We slept in the same room! Would not have been able to sleep without him. Plus, things were so crazy/hectic, it was nice to get centered again away from all of that the night before/morning of. We slept in together the day of the wedding (nothing started till about 1pm), and it was so great to be able to laze around and cuddle on our wedding day!
We're planning on staying together at our resort. Our ceremony isnt until 5:30 so we'll have plenty of time to part ways after the huge buffet breakfast that the resort offers the guests each morning. We thought it was silly to have to dodge each other during breakfast. Besides, he is the one person on the planet who can keep me calm, cool and collected. I'll need him to be there that night!
Meh. We're sleeping in our hotel room the night before and the night after the wedding. It would be way too logistically complicated to do it any other way.
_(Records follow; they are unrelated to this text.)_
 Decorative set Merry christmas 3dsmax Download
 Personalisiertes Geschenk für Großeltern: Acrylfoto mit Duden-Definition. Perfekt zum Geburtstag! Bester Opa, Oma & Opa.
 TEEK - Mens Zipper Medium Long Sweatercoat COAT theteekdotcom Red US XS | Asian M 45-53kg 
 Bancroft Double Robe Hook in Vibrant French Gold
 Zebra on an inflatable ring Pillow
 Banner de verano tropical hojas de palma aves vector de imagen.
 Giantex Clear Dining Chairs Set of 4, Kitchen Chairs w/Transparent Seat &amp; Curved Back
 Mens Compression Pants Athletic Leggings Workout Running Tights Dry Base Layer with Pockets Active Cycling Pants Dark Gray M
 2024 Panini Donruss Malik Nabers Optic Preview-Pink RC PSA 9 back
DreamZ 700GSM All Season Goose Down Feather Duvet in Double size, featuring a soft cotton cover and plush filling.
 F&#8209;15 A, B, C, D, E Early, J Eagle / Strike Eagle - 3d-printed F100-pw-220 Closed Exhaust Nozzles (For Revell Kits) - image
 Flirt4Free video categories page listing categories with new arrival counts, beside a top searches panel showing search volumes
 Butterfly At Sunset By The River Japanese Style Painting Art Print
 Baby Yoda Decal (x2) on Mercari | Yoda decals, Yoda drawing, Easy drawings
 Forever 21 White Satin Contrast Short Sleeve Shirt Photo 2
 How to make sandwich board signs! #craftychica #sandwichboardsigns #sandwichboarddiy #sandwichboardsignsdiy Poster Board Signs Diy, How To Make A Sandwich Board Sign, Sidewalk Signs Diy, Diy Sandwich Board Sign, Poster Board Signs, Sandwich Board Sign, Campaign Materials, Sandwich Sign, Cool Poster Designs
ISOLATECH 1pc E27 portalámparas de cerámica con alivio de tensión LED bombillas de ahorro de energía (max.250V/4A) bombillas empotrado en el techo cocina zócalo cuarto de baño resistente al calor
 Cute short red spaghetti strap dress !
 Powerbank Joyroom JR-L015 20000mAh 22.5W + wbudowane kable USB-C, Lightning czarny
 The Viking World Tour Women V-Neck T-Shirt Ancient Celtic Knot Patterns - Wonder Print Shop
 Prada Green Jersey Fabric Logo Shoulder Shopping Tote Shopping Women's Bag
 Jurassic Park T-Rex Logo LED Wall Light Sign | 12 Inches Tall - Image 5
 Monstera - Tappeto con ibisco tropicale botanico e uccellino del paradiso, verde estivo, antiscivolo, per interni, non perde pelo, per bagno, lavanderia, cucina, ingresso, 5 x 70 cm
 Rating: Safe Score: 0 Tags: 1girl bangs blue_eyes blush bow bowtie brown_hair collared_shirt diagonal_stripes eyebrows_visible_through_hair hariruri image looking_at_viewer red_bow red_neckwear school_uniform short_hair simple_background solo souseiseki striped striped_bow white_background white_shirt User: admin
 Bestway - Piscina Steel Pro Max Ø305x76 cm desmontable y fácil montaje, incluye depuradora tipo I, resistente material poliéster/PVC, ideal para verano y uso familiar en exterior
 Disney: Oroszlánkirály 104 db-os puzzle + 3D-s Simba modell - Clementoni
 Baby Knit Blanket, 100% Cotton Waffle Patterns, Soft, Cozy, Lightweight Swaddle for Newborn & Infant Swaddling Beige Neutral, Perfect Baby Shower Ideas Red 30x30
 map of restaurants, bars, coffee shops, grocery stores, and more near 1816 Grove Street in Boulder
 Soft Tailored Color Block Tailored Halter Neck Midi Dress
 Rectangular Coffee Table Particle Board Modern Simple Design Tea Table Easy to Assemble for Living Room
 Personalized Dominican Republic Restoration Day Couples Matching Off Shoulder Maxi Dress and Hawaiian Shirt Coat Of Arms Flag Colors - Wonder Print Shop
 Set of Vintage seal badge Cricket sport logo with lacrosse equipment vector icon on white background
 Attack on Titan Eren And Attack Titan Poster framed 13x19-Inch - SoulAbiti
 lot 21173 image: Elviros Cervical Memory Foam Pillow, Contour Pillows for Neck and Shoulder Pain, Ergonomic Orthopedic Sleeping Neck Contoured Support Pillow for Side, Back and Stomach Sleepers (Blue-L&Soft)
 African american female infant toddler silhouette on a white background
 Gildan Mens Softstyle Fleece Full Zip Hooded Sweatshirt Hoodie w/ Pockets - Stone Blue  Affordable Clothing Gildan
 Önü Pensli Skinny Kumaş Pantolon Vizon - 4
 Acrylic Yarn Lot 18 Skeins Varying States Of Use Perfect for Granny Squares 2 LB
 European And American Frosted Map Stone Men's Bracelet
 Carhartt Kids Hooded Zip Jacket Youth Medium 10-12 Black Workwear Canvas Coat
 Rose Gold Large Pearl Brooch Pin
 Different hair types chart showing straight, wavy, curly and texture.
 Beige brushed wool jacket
@UpstateCait: I keep meaning to ask you: where are you getting married? My family has a house in Hague (where we got engaged!) and I've always dreamed of doing a wedding up there, but it's just too logistically complicated living so far away. Every time you post I want to say hi. :)
We're also getting married in Mexico and plan to spend the night before the wedding together.
It seems like too much hassle rearranging rooms to sleep apart. Additionally, our wedding isn't until 6 p.m. so we'll just part after waking up.
Thank you all for your good points. I'm still worried! I think because of that worrying we'll probably spend the night apart. My MOH is my little cousin and she could come sleep with me that night to keep my nerves down. I think FI might like the guy time too. My biggest concern is we're actually getting legally married back home a week before we make the trip so if we don't spend the night apart I feel like I might regret taking away all the traditional aspects of a wedding. Ugh I don't know!! haha.
I having a DW in Jamaica at 4pm and decided to spend the night before separate. My girl friends will be sleeping in our suite with me and FI will bunk with one of his friends. I just think it will be that more special when he sees me walking down the isle. If we do run into eachother...no biggy, but will try not to.
Were doing a first look and that is breaking enough of that tradition for me... My family is traveling 4 hours for the wedding and will probably be staying in a hotel already but Im taking over our house with my BMs and Parents for the night and my FH will be going to his mothers, or I told him if he so chooses we can get a hotel for him and the guys. We have the same dilemma that our ceremony isnt until 8pm so thats a long day but between hair appts, nail appts, maybe some massages we will be able to stay seperate
We had a DW as well, and already were settled in our room. We woke up together, and got ready separately, and it wasn't any less special.
@MissBoston: HI! We're getting married at Fort William Henry :-)
@Miss Chapstick: I agree. I dont personally think sleeping with your FI the night before is any less special.
It seems like EVERYONE I KNOW has told us not to sleep together the night before but little do they know, that just makes us want to do it more. 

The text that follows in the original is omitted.